My Mom and Dad had eight girls and four boys.
I sometimes wondered if my Dad wanted the exact opposite–eight boys and four girls–since we were raised on a farm. As you can imagine, the farm required a lot of physical labor. But, to the defense of most of my amazing brothers-in-law, they sometimes helped to carry the load along with their wives, my sisters .(Smile, guys!) 🙂
The routine was the same for all of us. We would meet someone and talk about them to our Mom. Then, Mama began to talk about them to our daddy. The conversation would go something like this:
Mama, “Well I heard so and so, (pick a name, any name of us eight girls) had an interest in a boy.
Daddy, “Who is he and where is he from?”
Mama, “Well he’s from over there at so and so (the town, or community).”
Daddy: “Who’s his people? (This was always a big one for my Dad.)
Mama: “I think they told me he was what’s his name’s son.”
Daddy: “Well, who is what’s his name?”
Mama: “You know, So and so…” (My mama’s inching her way through because my Dad had high standards for his daughters and sons, but especially for his daughters–and he wouldn’t tolerate his daughters being subject to disrespect.)
Daddy: “MMMM I know those people over there and I heard….(and for all practical purposes it could possibly be over, according to what he had “heard,” whether they were able to actually come to the house to date my sisters).
You can just about imagine where this conversation was heading.
With all the questions of “Where do they go to church? Who’s the Daddy, Mama, cousins and etc.?” 🙂 To say that he was particular was an understatement. You can be assured that our parents had high expectations of us, and of the people we were around. I guess that is one of the reasons we were in church ALL THE TIME! They felt the responsibility to make sure that whoever God had planned for all of our lives would have all the necessary “background checks” in place. 🙂
Looking back, now that I am married and have two beautiful daughters, my husband and I both realize the importance of being involved with our girls’ lives in that area. We realize how important it is to come alongside them to help guide, give support and encouragement, and especially pray with them as they pursue the man of God for their lives.

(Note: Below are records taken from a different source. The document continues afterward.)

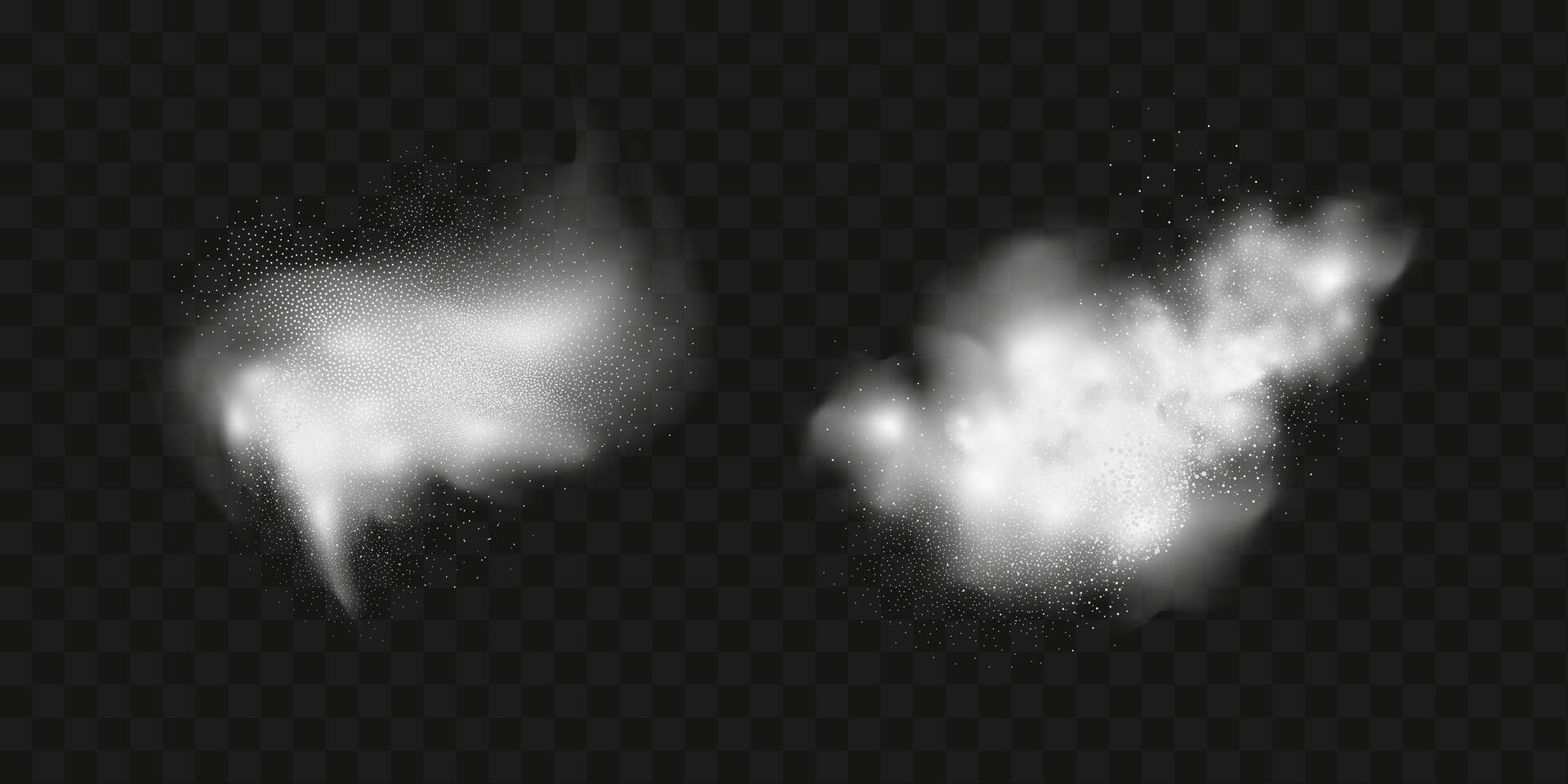 A realistic set of white clouds of flour, sugar, washing powder. An explosion of snow dust in the air. A splash of ice crystals in a white blizzard cloud. vector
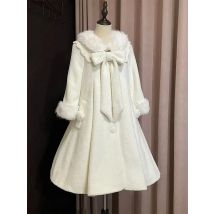 Winter Sweet Kawaii Plush Long Coat Women Japanese Bow Lolita College Style Elegant Warm Overcoat Female Y2k Design Outfits New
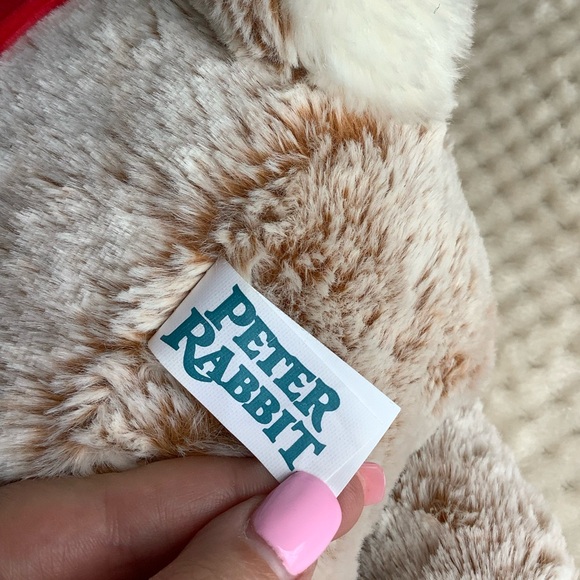 Beautiful Peter Rabbit Flopsy Plush Stuffed Animal Embroidered Eyes Red Vest - Picture 6 of 10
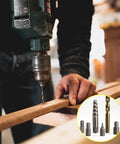 Person using drill with 35 Piece Screw Extractor Set With Left Hand Drill Bits and Multi Spline Extractors for Removing Broken Bolts and Stripped Screws, Easy Out Kit With Reverse Drill Bits For Quick No Nonsense Repairs shown in inset.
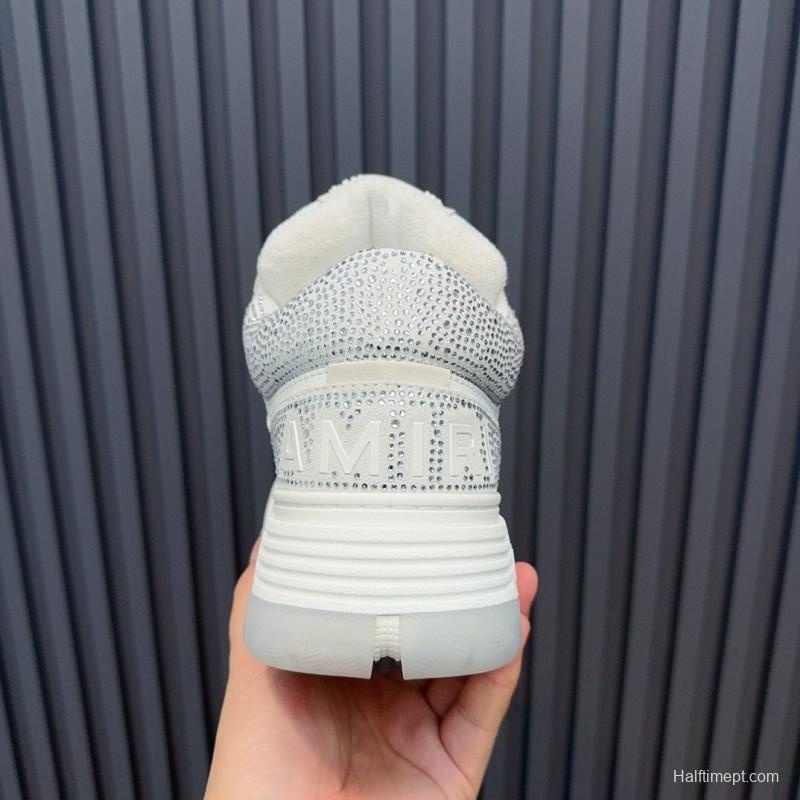2024 Unisex Amiri White Mesh Leather Sneakers MJ00410
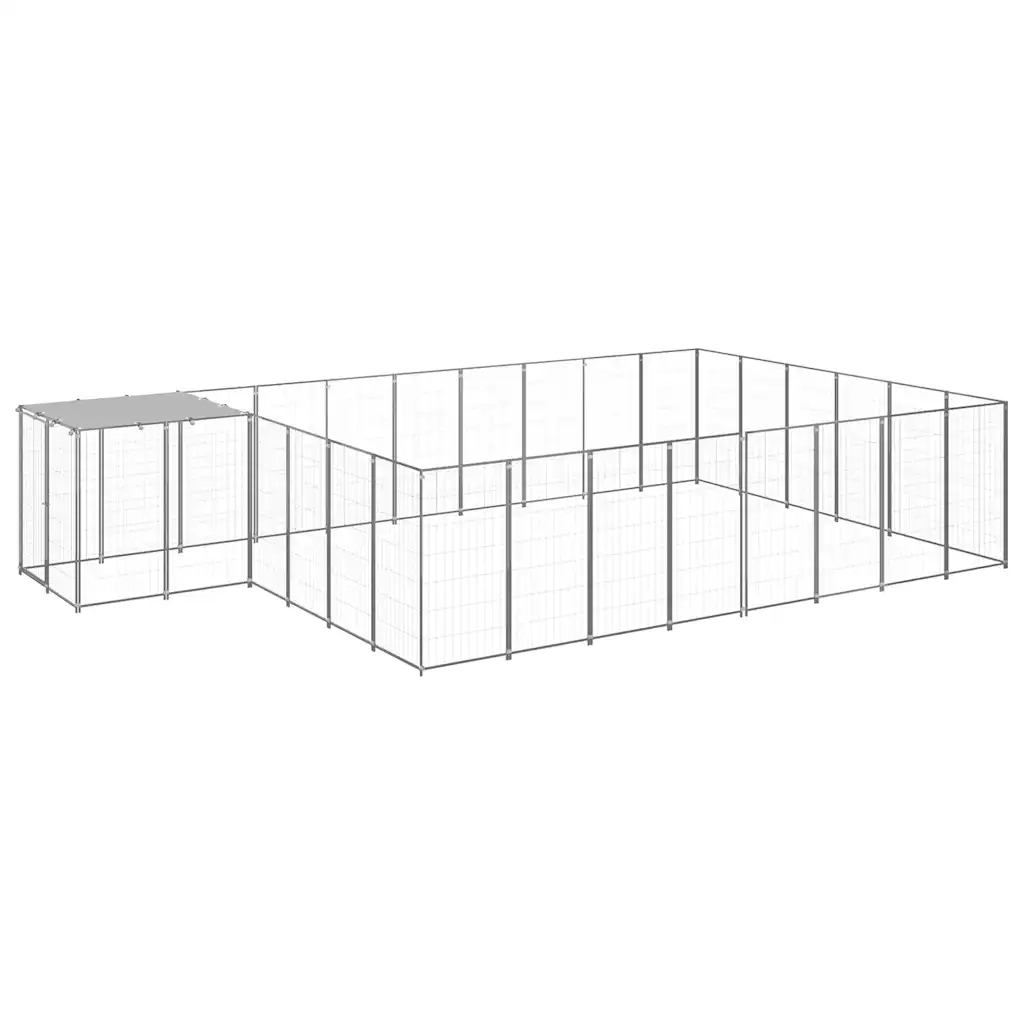 Gabbia per Cani Argento 15,73 m² in Acciaio 3082221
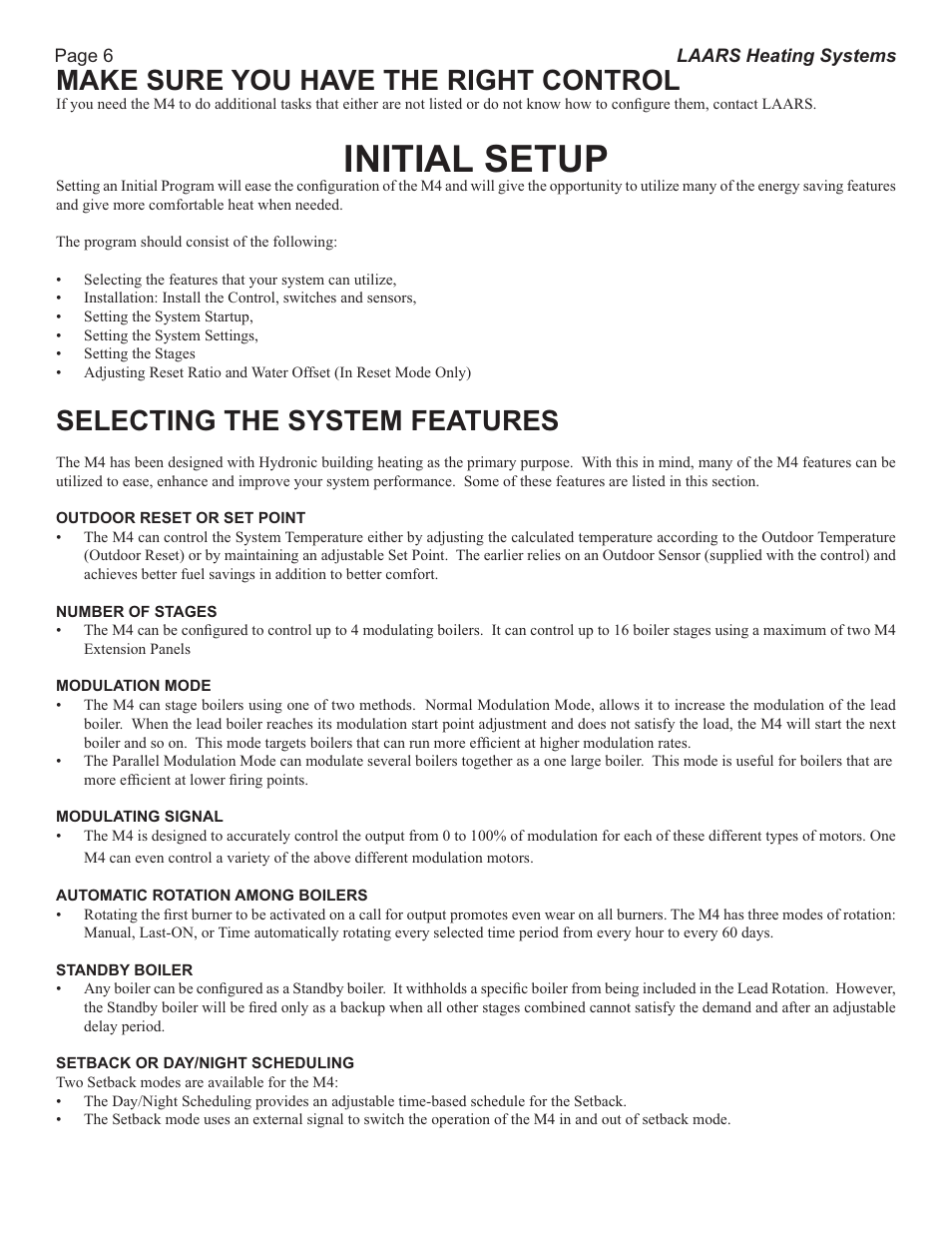 Initial setup, Make sure you have the right control, Selecting the system features | LAARS M4-Ext - Installation Manual User Manual | Page 6 / 28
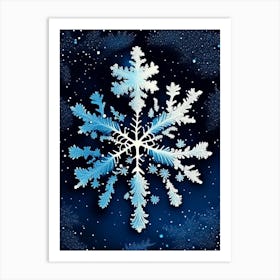 Stellar Dendrites, Snowflakes, Retro Drawing 1 Art Print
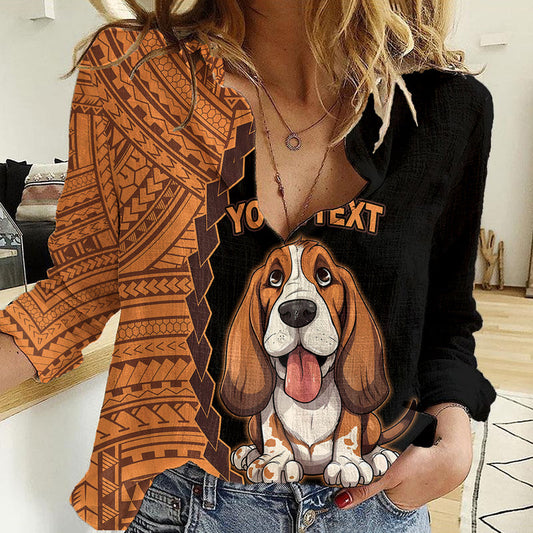 Custom Basset Hound Dog With Polynesian Tribal Tattoo Women Casual Shirt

A goodly heritage is so important.
If you have a goodly heritage, thank God for it. But if you are like many people and don’t have one, it’s not too late to begin building one now.
Build a goodly heritage for yourself and your family. Examine your lives in the areas of prayer, work, patriotism, and choosing the people you do life with. Then let the Lord lead you as you begin to instill these characteristics of a goodly heritage in your own life.